As obras dentro desses núcleos temáticos proporcionam fricções temporais e estéticas entre trabalhos de diferentes momentos do país. Na galeria de "Retratos", a tela "Mulher indígena e Sapatão", de Yacunã Tuxá, traz uma mulher indígena segurando uma bandeira com as cores do arco-íris, símbolo da comunidade LBTQIA+.

Na mesma parede está o autorretrato "Manteau Rouge", em que Tarsila do Amaral se pintou, em 1923, com as cores azul, vermelha e branca da bandeira francesa; e outro autorretrato, desta vez de No Martins, no qual o artista negro aparece sentado em um trono com um cetro na mão – símbolos geralmente relacionados à pinturas de reis e rainhas brancos.

No núcleo organizado por Rjeille, "Terra e Território", é possível ver duas versões sobre exploração de minério de ferro em Minas Gerais. Em 1976, a pintora Djanira (1914-1979) pintou a tela Mina de ferro, Itabira, CVRD, apresentando a mudança das paisagens com a expansão da mineração no estado.
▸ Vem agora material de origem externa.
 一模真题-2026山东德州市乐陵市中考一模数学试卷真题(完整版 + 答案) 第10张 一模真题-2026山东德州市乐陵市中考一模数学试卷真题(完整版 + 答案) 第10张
Ao lado da tela, o resultado da ganância das mineradoras está representado em um trabalho bordado coletivamente pelas mulheres do Movimento dos Atingidos por Barragens (MAB) sobre o rompimento da barragem de Brumadinho, em 2019, em que se vê bombeiros trabalhando no resgate de vítimas.

Disputa

Outras obras são colocadas por cima deste cartaz, em uma analogia visual à invasão portuguesa das terras brasileiras povoadas pela população originária do país. "É um questionamento da ficção colonial de que o Brasil era uma terra a ser descoberta, como se a natureza aqui não estivesse sendo cultivada", explica Rjeille.
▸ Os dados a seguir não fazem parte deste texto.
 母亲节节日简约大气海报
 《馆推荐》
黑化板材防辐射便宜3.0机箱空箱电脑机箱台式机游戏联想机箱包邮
Núcleo Paisagens e Trópicos

"Esse território que reconhecemos como Brasil é recortado por diversas culturas, línguas, religiões, festividades e formas de se relacionar com a terra" destaca a curadora, observando que a convivência entre as diversas narrativas e expressões de existência nem sempre é pacífica e festiva. "É um território em disputa de histórias plurais, atravessadas por violências e apagamentos."
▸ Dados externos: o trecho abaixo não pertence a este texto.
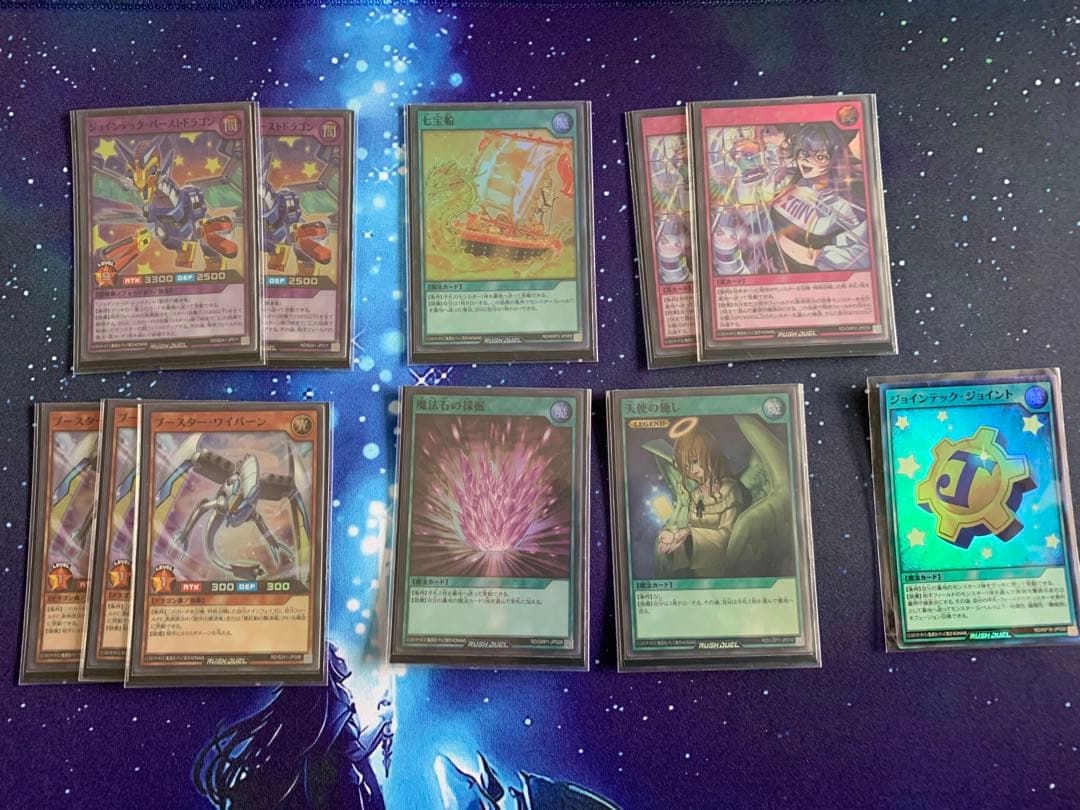 ラッシュデュエル　ハイブリッド　デッキ　高レアリティ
A contenda tão debatida em "Terra e Território" se repetiu na própria organização da mostra. O núcleo "Retomadas" protagonizou uma disputa de espaço institucional. Em maio, o Masp tinha vetado a apresentação de fotos feitas por fotógrafos integrantes do Movimento dos Sem Terra (MST), justificando que as obras tinham sido requisitadas fora do prazo.

O cancelamento de parte dos trabalhos que seriam exibidos no núcleo causou revolta das curadoras de "Retomadas", Clarissa Diniz e Sandra Benites, que manifestaram a indignação publicamente. O artista Cildo Meireles ameaçou retirar seus trabalhos da exposição. E Benites, que era a única curadora de origem indígena da instituição, pediu demissão.

Após negociação com as curadoras, o Masp reviu seu posicionamento, voltou atrás e exibe hoje o núcleo em sua integridade, de acordo com a proposta original. "Retomadas" acabou sendo um exemplo prático de sua própria proposta em debater a reintegração de territórios por parte dos povos indígenas e dos movimentos sociais, que lutam por restituição e reparação de direitos, valores e sentidos. Também é uma alegoria das disputas por narrativas e espaços que são tratadas em tantos trabalhos presentes na exposição.